By Alain Iloniaina
ANTANANARIVO (Reuters) - The wife of Madagascar's ousted President Marc Ravalomanana has put herself forward to run in July's presidential election, a move that could be aimed at preparing a comeback by the fallen leader.
The impoverished island nation has been in crisis since Marc Rajoelina, now president, led an uprising that ousted Ravalomanana from office in 2009, triggering turmoil that scared off investors and devastated the vital tourism industry.
Rajoelina, a former disc jockey, said in January he would not run in the vote scheduled for July 24, after he came under pressure from regional powers which had pressed him to stand aside to prevent fresh unrest in this year's vote.
Ravalomanana, a wealthy businessman now in exile in South Africa, has also agreed not to run again. He was sentenced in absentia to life in prison after he was accused of ordering elite troops to kill Rajoelina's supporters.
Speaking outside the election court that is accepting nominations, the former president's wife, Lalao Ravalomanana Rakotonirainy, told reporters: "We give thanks to God. The application is indeed filed."
She was surrounded by a few hundred cheering supporters outside the court, where 15 other candidates have already submitted their names.
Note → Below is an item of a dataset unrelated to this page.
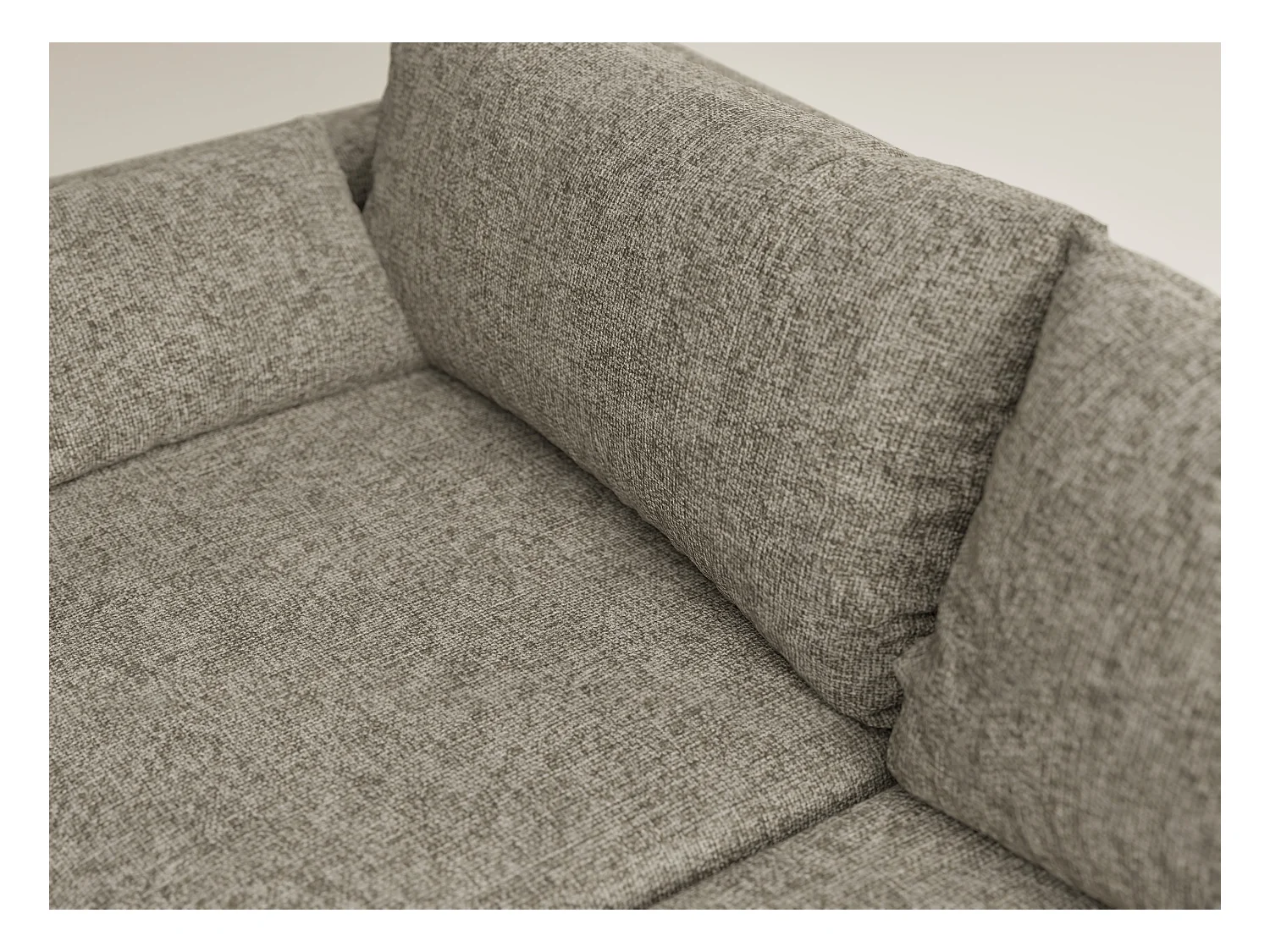 Canapé d'angle droit avec fonction lit en tissu chenille taupe LEON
The authorities are due to draw up an official list of candidates by May 3.
"As President Ravalomanana cannot stand in the presidential election, his wife is our natural candidate," Mamy Rakotoarivelo, member of parliament and former close associate of Ravalomanana, told Reuters ahead of the submission.
"It should allow us to regain the power that was seized in an illegal manner."
Critics say the presidential bid could be an attempt by Ravalomanana to make a return to politics by the backdoor.
"It is a trick of Marc Ravalomanana," said political commentator and author Toavina Ralambomahay, saying his wife had no political experience but could still win with the backing of Ravalomanana's supporters.
"It could prepare the return of her husband," he said.
Rajoelina led demonstrations against Ravalomanana in early 2009, accusing him of political repression and criticizing his plans to lease tracts of land to the Korean company Daewoo.
A general strike in the capital turned into deadly protests before the army stepped in and backed Rajoelina.
Countries from the Southern African Development Community (SADC) brokered a deal in September 2011 that confirmed Rajoelina as president and allowed for the unconditional return of Ravalomanana from self-imposed exile in South Africa.
But the plan has been beset by disagreements, including over whether Ravalomanana should be imprisoned if he returns home. SADC leaders urged both men not to stand in the election.
The first round of the presidential election is scheduled for July 24 and the second round, coupled with a legislative vote, is set for September 25.